So I pulled out an old knife and thought, How hard can this be? As it turned out, digging 12 inches into the dirt might as well have been muscling to the center of the earth when you’re using a dull kitchen blade. By the time I was ready to drop the final bulb in the ground, my arms were aching and my knees and hands were caked with dirt, but I was feeling pretty satisfied.

Then I took my first real look at the brown, dead-looking thing in my palm. I’d seen plenty of daffodils in the past, and presumably they’d all started out this way, but suddenly I was assailed by doubts. How could something that looked like a rotting turnip be transformed into a sunny, yellow flower? But with a shrug I put the last bulb in the dirt and went inside to retire the now-worthless knife.

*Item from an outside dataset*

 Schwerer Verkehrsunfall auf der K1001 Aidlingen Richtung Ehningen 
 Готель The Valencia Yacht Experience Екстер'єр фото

I promptly forgot about my little gardening experiment…until the next April. One day I looked out my back window, and to my surprise, a small but tenacious sprout was trying to poke its head out of the cold, unforgiving earth.

Isn’t that a picture of what God does with our lives too? To a casual observer, we look dead, ugly, hopeless. But God doesn’t give up on us. During those seasons when we’re all but buried, when it looks like Satan has won after all—that’s precisely when God does his best redemptive work. He uses those months under the cover of soil to build us up, make us strong, prepare us for who he wants us to be.

And when the first hint of spring arrives, we will stick out our heads, tentatively at first, and then with increasing boldness. As our faces open to the Son, he will transform us. From despair to hope. From death to new life.

And we, turnipy-looking things that we are, will be a tangible display of his glorious grace.